2. Case Presentation

  • Describe the presenting problem in detail, including symptoms, duration,and impact on daily life.
  • Include client demographics like age and gender, information about social relationships, and mental health history.
  • Describe all physical, emotional, and/or sensory symptoms reported by the client.
  • Use patient quotes to describe the initial complaint verbatim. Follow with full-sentence summaries of relevant history details gathered, including key components that led to a working diagnosis.
  • Summarize clinical exam results, namely orthopedic/neurological tests, imaging, lab tests, etc. Note actual results rather than subjective conclusions. Provide images if clearly reproducible/anonymized.
  • Clearly state the working diagnosis or clinical impression before transitioning to management.

3. Management and Outcome

  • Indicate the total duration of care and number of treatments given over what timeframe. Use specific names/descriptions for any therapies/interventions applied.
  • Present the results of the intervention,including any quantitative or qualitative data collected.
  • For outcomes, utilize visual analog scales for pain, medication usage logs, etc., if possible. Include patient self-reports of improvement/worsening of symptoms. Note the reason for discharge/end of care.

4. Discussion

  • Analyze the case, exploring contributing factors, limitations of the study, and connections to existing research.
  • Analyze the effectiveness of the intervention,considering factors like participant adherence, limitations of the study, and potential alternative explanations for the results.
  • Identify any questions raised in the case analysis and relate insights to established theories and current research if applicable. Avoid definitive claims about physiological explanations.
  • Offer clinical implications, and suggest future research directions.

5. Additional Items

  • Thank specific assistants for writing support only. No patient acknowledgments.
  • References should directly support any key claims or quotes included.
  • Use tables/figures/images only if substantially informative. Include permissions and legends/explanatory notes.
  • Provides detailed (rich qualitative) information.
  • Provides insight for further research.
  • Permitting investigation of otherwise impractical (or unethical) situations.

Case studies allow a researcher to investigate a topic in far more detail than might be possible if they were trying to deal with a large number of research participants (nomothetic approach) with the aim of ‘averaging’.

Because of their in-depth, multi-sided approach, case studies often shed light on aspects of human thinking and behavior that would be unethical or impractical to study in other ways.

Research that only looks into the measurable aspects of human behavior is not likely to give us insights into the subjective dimension of experience, which is important to psychoanalytic and humanistic psychologists.

Case studies are often used in exploratory research.

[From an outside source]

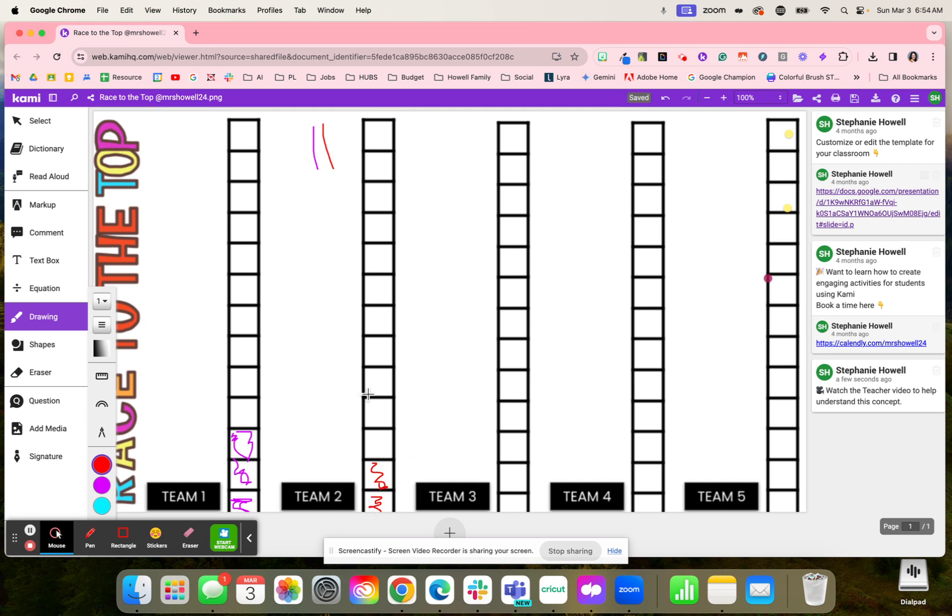So again, my students have so much fun that originally I was like, okay, we're going to play the first team that gets to the top as the winner. But they love this game so much that we just decided to add tallies to make the game more interactive.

They can help us generate new ideas (that might be tested by other methods). They are an important way of illustrating theories and can help show how different aspects of a person’s life are related to each other.

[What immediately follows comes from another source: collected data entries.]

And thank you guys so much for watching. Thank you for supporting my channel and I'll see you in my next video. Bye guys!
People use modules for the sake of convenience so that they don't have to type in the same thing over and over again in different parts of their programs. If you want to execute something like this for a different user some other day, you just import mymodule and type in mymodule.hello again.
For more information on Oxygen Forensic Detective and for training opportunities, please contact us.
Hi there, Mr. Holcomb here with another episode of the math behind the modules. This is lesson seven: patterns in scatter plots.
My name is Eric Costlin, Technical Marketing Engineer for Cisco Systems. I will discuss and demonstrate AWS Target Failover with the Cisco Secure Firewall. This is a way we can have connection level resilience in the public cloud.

The method is, therefore, important for psychologists who adopt a holistic point of view (i.e., humanistic psychologists ).

Limitations

  • Lacking scientific rigor and providing little basis for generalization of results to the wider population.
  • Researchers’ own subjective feelings may influence the case study (researcher bias).
  • Difficult to replicate.
  • Time-consuming and expensive.
  • The volume of data, together with the time restrictions in place, impacted the depth of analysis that was possible within the available resources.

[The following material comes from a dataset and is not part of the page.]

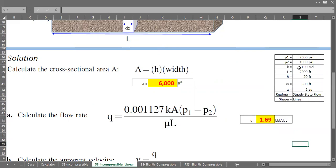As you can see, across this 2000-foot reservoir section the pressure drop is only 10 psi, so the flow rate must be quite small. And it is proven here that the flow rate is only about 1.7 barrels per day.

Because a case study deals with only one person/event/group, we can never be sure if the case study investigated is representative of the wider body of “similar” instances. This means the conclusions drawn from a particular case may not be transferable to other settings.

Because case studies are based on the analysis of qualitative (i.e., descriptive) data , a lot depends on the psychologist’s interpretation of the information she has acquired.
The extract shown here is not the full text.